Cooking for one is an exercise in self love. It reveals, at least for me, how I really feel about myself. Where I fit in my own pecking order. When I cook, I fill the kitchen with love. If you cannot fill each bite with love, sheer unselfish, genuine, eat-this-and-feel-loved love, then you should not cook. When I don't have the energy to love through the meals I prepare, I simply do not cook. I'd rather not risk feeding you half-loved food, we can order pizza. I will love you a different way tonight.
So now that I am cooking for one, just for me, I realize that I do not seem to love myself the way I love John, or my interns, or even my dogs (whom I spend hours not only cooking for, but carefully gathering ingredients... they are well loved). I will spend many hours preparing and rolling tamales to feed a house of friends. I will make meals that I have no desire to eat (like Thanksgiving turkey, or turnips in butter), because they bring joy into this world.

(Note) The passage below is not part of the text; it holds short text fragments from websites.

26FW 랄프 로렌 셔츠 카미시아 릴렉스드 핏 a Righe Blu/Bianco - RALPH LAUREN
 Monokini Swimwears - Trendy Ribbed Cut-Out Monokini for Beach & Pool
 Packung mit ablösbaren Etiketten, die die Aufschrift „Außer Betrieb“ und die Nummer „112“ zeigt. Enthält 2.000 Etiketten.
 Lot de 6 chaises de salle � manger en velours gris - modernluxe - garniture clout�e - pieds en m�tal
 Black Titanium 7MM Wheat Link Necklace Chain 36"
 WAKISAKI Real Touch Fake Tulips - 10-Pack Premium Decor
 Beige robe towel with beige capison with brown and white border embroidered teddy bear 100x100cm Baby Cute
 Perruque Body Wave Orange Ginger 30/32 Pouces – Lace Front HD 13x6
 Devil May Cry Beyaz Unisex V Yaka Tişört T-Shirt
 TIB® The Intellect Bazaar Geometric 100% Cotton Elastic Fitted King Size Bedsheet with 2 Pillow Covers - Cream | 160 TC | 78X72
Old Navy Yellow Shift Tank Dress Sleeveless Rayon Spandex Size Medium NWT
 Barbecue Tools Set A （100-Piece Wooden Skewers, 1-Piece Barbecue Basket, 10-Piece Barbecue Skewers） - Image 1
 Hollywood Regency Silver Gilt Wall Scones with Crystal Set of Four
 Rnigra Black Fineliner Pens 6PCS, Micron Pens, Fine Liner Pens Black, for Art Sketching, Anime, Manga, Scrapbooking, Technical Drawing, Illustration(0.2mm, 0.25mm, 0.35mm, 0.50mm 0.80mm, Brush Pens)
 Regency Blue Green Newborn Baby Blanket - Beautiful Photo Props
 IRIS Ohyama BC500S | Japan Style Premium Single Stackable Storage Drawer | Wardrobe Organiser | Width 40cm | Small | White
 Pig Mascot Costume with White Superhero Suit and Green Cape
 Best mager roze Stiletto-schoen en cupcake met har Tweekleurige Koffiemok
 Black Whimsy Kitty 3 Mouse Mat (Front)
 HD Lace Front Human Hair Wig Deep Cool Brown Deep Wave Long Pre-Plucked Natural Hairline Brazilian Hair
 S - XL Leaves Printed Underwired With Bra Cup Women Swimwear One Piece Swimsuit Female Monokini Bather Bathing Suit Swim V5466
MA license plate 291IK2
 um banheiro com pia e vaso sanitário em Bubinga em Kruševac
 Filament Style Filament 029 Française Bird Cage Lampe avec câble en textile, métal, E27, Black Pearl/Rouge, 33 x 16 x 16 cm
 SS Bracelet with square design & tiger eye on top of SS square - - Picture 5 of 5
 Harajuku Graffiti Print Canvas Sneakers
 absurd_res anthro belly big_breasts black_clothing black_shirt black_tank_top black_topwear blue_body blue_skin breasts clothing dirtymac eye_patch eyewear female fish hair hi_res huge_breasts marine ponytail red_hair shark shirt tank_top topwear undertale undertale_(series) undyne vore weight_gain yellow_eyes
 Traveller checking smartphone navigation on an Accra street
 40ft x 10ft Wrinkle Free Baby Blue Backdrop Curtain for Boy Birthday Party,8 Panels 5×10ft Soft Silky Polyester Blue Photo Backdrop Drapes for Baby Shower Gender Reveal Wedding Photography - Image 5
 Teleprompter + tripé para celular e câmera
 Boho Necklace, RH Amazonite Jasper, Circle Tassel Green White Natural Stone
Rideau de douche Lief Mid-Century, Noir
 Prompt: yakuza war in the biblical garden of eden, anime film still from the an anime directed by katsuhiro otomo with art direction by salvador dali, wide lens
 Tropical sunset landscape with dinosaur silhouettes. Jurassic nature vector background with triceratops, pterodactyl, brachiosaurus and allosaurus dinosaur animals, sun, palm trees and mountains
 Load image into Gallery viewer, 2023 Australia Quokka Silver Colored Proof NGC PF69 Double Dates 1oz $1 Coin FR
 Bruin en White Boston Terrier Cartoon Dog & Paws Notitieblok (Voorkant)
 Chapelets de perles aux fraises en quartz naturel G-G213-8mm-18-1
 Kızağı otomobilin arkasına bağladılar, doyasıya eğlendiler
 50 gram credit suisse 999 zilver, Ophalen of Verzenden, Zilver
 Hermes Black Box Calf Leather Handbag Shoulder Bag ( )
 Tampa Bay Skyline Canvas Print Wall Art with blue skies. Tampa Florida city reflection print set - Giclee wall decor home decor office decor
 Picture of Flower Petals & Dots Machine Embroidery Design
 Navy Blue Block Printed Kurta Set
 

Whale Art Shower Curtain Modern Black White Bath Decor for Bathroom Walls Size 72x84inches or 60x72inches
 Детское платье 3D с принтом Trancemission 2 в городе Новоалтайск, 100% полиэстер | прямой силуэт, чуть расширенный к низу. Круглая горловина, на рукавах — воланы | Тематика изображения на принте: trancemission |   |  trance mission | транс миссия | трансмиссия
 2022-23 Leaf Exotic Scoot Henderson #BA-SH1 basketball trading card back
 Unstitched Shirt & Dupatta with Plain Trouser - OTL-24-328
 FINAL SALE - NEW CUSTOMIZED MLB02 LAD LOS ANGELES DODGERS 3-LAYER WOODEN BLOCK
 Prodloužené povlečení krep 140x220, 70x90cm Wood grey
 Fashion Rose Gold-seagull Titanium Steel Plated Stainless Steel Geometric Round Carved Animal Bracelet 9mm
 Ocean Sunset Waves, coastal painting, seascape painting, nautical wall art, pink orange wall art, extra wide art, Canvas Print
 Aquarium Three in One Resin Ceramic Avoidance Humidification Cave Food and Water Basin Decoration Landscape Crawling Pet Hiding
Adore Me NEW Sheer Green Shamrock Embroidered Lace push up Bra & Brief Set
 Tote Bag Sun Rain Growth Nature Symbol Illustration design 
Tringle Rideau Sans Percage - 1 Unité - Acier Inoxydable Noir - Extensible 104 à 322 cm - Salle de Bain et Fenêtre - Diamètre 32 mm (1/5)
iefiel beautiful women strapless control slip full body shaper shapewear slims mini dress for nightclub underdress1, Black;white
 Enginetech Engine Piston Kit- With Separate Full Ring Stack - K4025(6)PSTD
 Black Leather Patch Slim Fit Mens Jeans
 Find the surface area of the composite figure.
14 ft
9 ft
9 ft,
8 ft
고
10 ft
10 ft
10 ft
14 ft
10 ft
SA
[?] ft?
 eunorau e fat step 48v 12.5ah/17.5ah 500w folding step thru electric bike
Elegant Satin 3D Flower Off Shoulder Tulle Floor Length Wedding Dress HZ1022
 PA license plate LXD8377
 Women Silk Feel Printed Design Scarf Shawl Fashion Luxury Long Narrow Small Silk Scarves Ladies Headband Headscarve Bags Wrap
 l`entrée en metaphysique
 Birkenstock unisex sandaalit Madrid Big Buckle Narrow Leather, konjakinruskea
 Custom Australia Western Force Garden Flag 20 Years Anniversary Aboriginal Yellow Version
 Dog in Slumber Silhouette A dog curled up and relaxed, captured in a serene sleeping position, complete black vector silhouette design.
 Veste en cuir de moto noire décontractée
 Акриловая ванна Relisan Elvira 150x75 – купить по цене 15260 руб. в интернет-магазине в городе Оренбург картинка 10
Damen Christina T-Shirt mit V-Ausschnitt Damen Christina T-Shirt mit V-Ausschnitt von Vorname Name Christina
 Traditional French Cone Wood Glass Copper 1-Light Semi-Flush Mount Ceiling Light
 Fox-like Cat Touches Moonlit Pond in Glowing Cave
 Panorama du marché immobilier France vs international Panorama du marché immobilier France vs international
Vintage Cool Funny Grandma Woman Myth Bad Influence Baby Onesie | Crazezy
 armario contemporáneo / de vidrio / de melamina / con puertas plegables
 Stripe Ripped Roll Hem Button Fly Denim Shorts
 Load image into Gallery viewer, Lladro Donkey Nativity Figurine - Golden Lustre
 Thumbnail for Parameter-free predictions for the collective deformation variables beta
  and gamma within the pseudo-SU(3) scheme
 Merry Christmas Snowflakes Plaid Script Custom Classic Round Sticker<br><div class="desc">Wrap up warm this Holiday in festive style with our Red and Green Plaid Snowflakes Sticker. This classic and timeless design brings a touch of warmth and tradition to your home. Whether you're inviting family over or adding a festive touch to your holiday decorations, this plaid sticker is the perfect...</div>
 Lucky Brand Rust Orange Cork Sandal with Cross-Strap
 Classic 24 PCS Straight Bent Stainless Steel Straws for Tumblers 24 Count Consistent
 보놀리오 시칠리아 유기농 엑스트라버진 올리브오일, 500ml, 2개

But at the start of the day, when I wake up I have no desire to cook for me. To pour the same eat-this-carefully-grown-seasoned-roasted-kale-it-is-so-good-for-your-everything into even mixing yogurt and granola. Since John has left I've made several pots of kidney liver stew for the pups, I have managed only two salads for myself (and macaroni and cheese, that I did manage to add broccoli to).
I decided tonight, to love myself more. To put the same tenderness and care for the future that I pour into food for those I hold dearest, into myself. So I went back to a staple food. A vegetable that was the first I learned to cook. It is the vegetable that I first taught Christie Ko to cook, the first I ever made for John. It was what I ate when I learned to eat, actually eat, not just subsist.
Tonight I sauteed it with caramalized onions and crimini mushrooms, I steamed broccoli as a last minute add, but all the other vegetables are just window dressing for the courgettes. I have two zucchini plants in my garden that I am not tending to as well as the sunflowers, or the peas, or even the lettuce (almost big enough to eat). Tomorrow I will plant a third plant, and I will make a pact to nurture that bed more carefully, and myself too.